Jim Handy, The Memory Guy, posted a short blog about the 3-petaFLOP (peak) SuperMUC supercomputer at the Leibniz Supercomputing Centre on the outskirts of Munich, Germany. (The “MUC” in SuperMUC is the 3-letter code for the Munich airport. Now that’s esoteric!) Based on the Samsung announcement, the SuperMUC’s 147,456 microprocessor cores contained in 18,432 Intel Xeon Sandy Bridge-EP multicore microprocessors are teamed with 324Tbytes of Samsung Green 30nm-class DDR3 SDRAM modules. By Handy’s calculation, that’s a total of 746,496 DRAM chips.
Sounds like a lot, no? Well, Handy’s calculations say that’s about half a day of fab production for one of Samsung’s DRAM fabs. Using an average market price of $10.45 per Gbyte for the past year, Handy then calculates that the value of the DRAMs is perhaps as much as $3.5 million, although with the volume purchase we’re talking about here, it’s likely less.
But the absolute cost of the DRAM is not the point.
The point is that the SuperMUC requires “only” 3.52 MWatts of electricity to run, which Handy pegs at $3 million per year, not including cooling costs.
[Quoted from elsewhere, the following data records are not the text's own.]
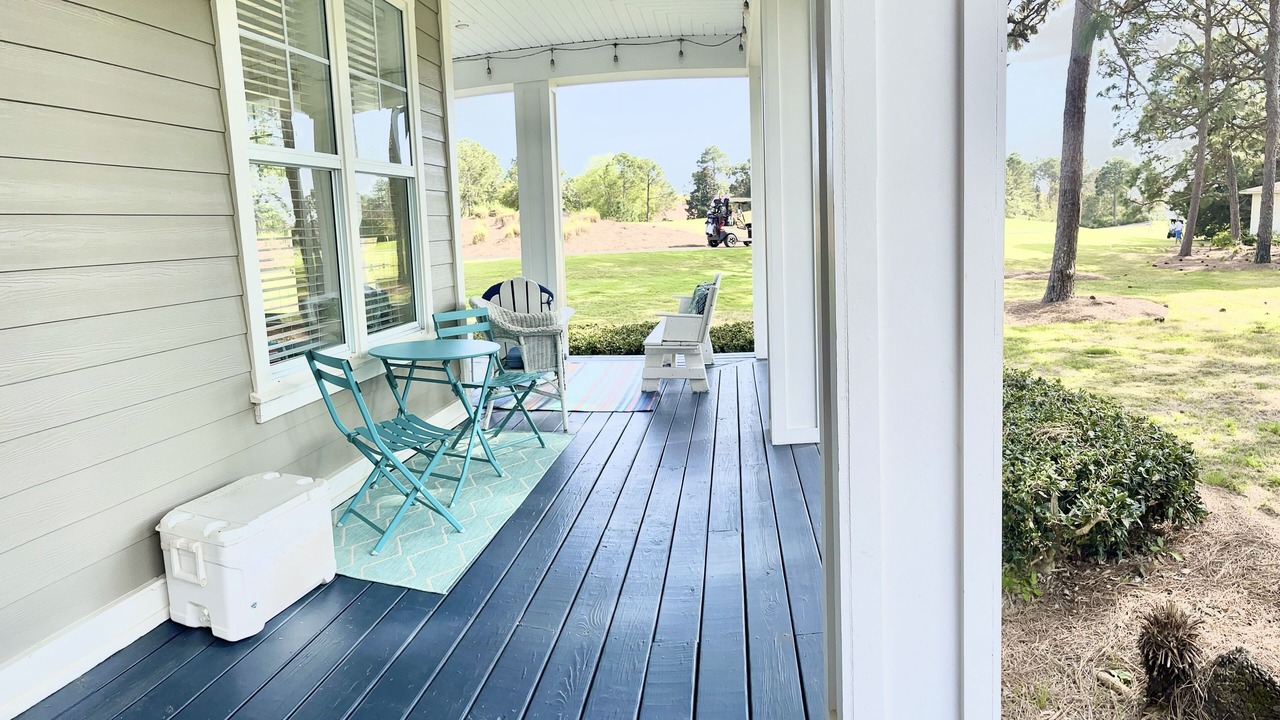 Photo of Outdoor in Laurel Grove
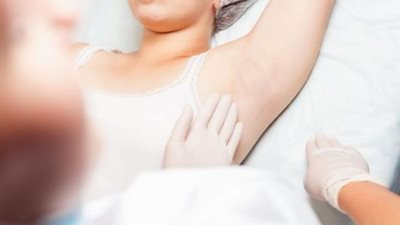 أعراض سرطان تحت الإبط.. لاتهملوها !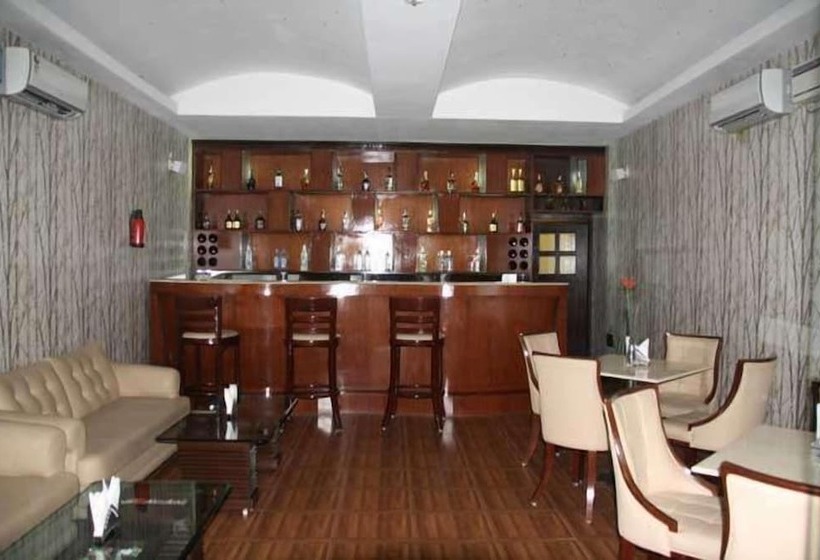 בית מלון כפרי United 21 Grassland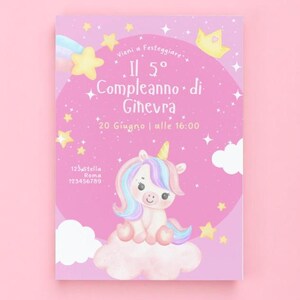 Invito compleanno digitale bambina tema unicorno rosa con stelle. modificabile per qualsiasi età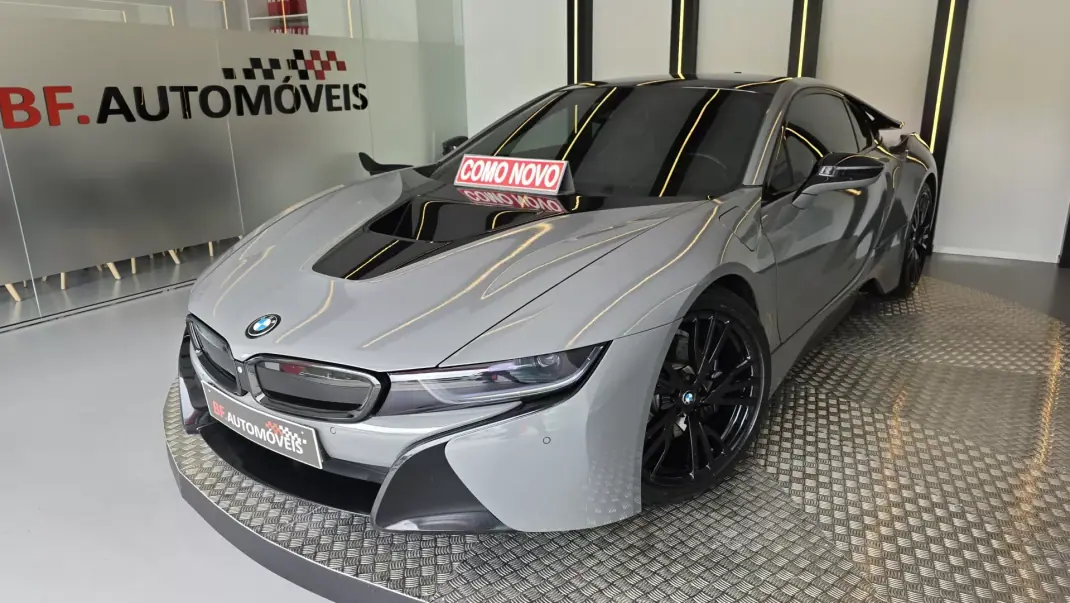 BMW i8 2015 - 62500 EUR, 132830 km - 132830km - foto 5 de 50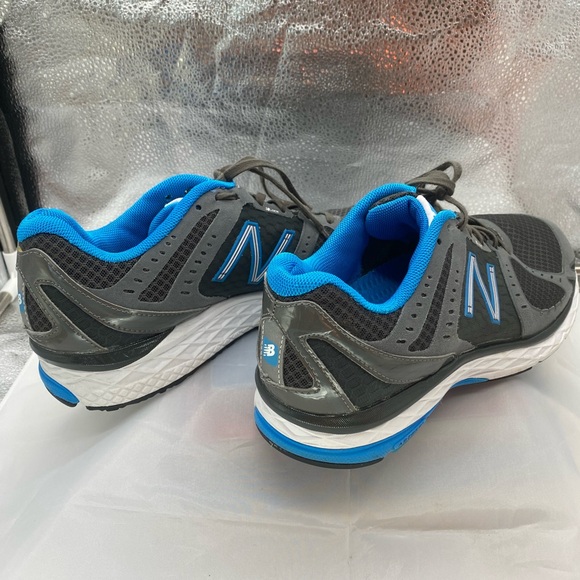 Women’s New Balance Gray and Blue Running Shoes - Picture 3 of 7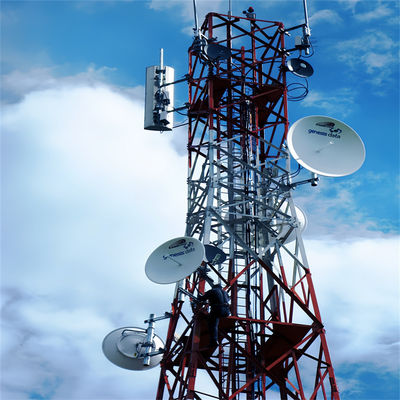 120m Antenna de acero galvanizado sumergido en caliente Fabricante Red de radio celular Torre de acero angular de 4 patas
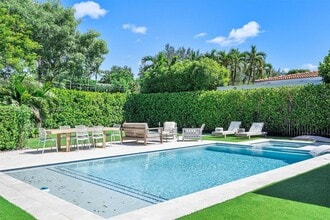 Building Photo - 5950 SW 29th St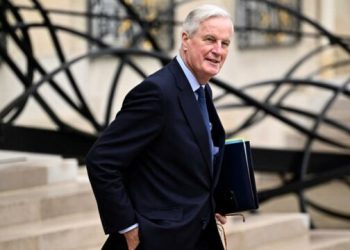 Francën e pret një krizë politike me mocionin e votëbesimit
When you include cooling costs, one year’s worth of electricity to power and cool the SuperMUC costs more than the DRAM.
But wait, there’s more.
The SuperMUC uses an unusual hot-water cooling system to cool the Xeon processors. It’s a new form of cooling invented by IBM (the system supplier of the SuperMUC) called Aquasar, which reportedly cuts the energy needed for cooling by 40% by using 60°C (or perhaps 45°C depending on the reference) water for cooling. The cooling water is piped through copper cooling blocks directly connected to the processor die. The water flows through microchannels in the copper. Here’s a photo of an Aquasar processor module from Wikipedia:
More Aquasar details here.
You don’t need as much energy to chill water down to 60°C as you do to make it colder. During winter months, waste heat from the SuperMUC will be used to heat buildings.